Start of INFORMATION SUPPLIED

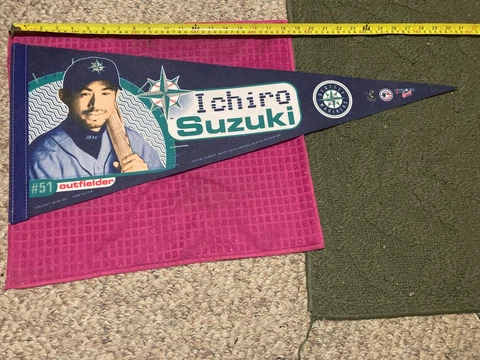 VTG Ichiro Suzuki #51 Outfielder Flag Banner Souvenir Pennant SEATTLE MARINERS Cover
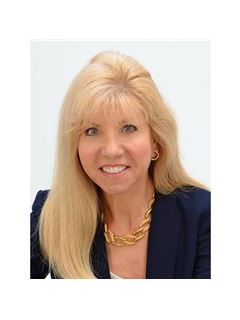 Sandee Mooney - RE/MAX Realtec Group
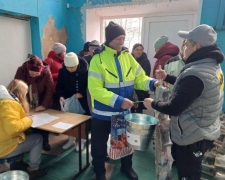 Інвентар для догляду — мешканці громади Запорізького району отримали корисні набори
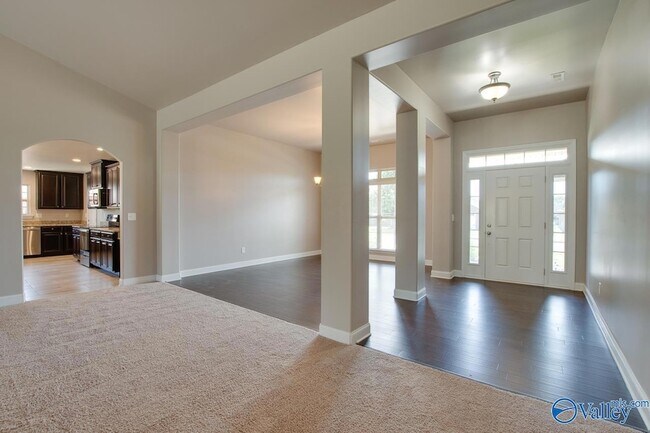 Building Photo - 512 Summer Cove Cir NW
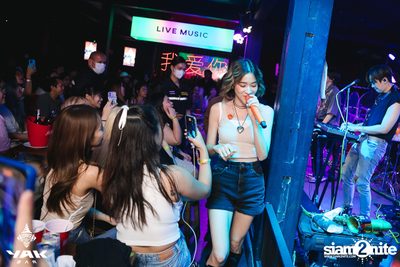 Slap Kiss x Zom Marie at Yak Bar — photo 147
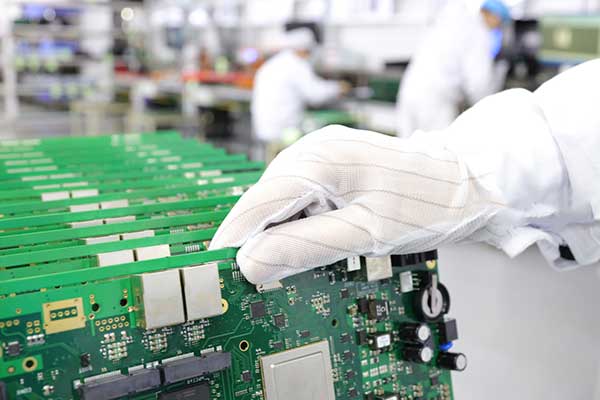 PCBA双面板焊接需要关注的问题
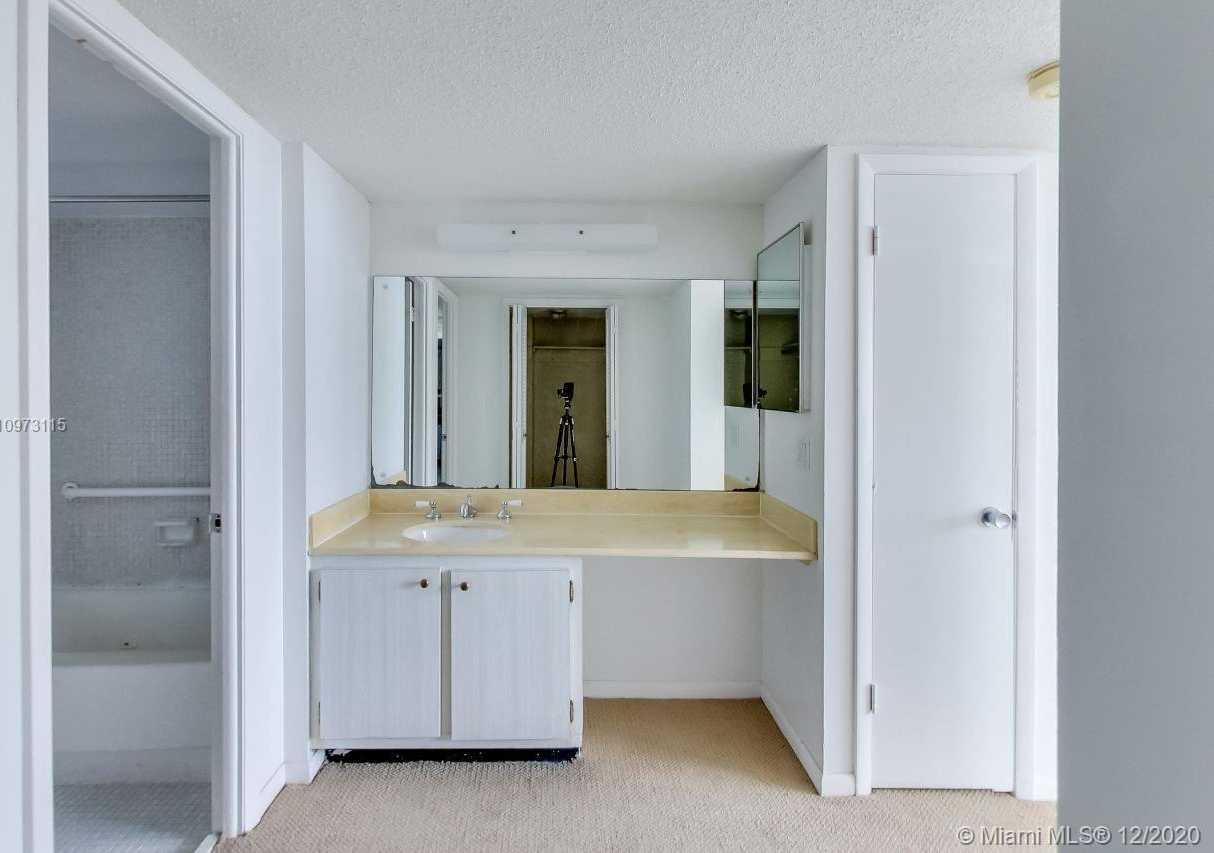 Small Image of 5838 COLLINS AVE #9G, Miami Beach Number 17
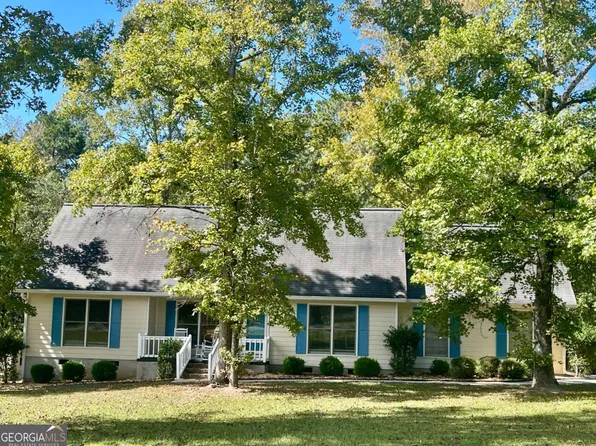 104 N Cambridge Dr NE, Milledgeville, GA 31061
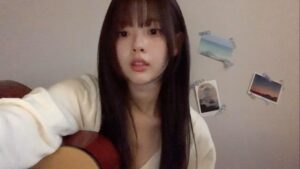 Han Su-ah Instagram - 깊은 밤을 날지 못하고 to be continued... •́ ̯•̀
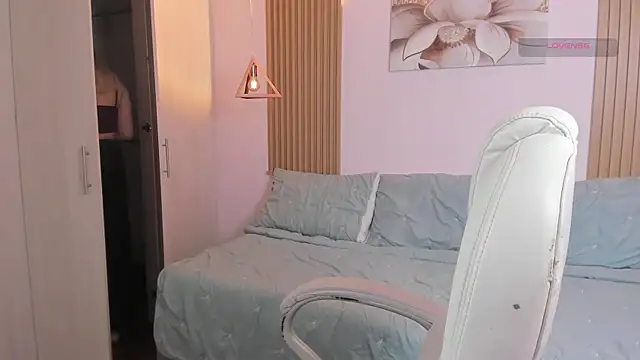 jenny Dream  online show from 04-12-26, 07:50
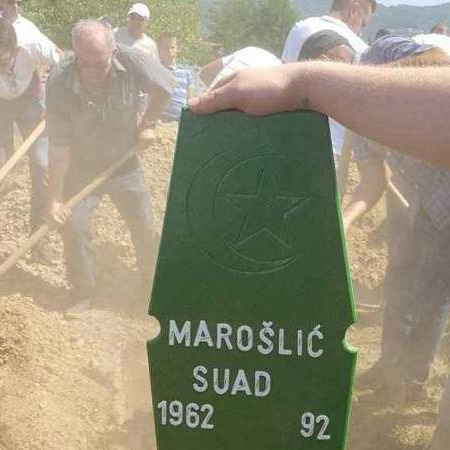 Prijedor: Obavljena džanaza za 23 svirepo ubijene bošnjačke žrtve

End of INFORMATION SUPPLIED

**EXERCISE AIM:** Go back to the line containing "Building Photo - 512 Summer Cove Cir NW" and output it and every line after it through the end of the records, exactly, but not the pictures.

**ANSWER BOX:**
 Building Photo - 512 Summer Cove Cir NW
 Slap Kiss x Zom Marie at Yak Bar — photo 147
 PCBA双面板焊接需要关注的问题
 Small Image of 5838 COLLINS AVE #9G, Miami Beach Number 17
 104 N Cambridge Dr NE, Milledgeville, GA 31061
 Han Su-ah Instagram - 깊은 밤을 날지 못하고 to be continued... •́ ̯•̀
 jenny Dream  online show from 04-12-26, 07:50
 Prijedor: Obavljena džanaza za 23 svirepo ubijene bošnjačke žrtve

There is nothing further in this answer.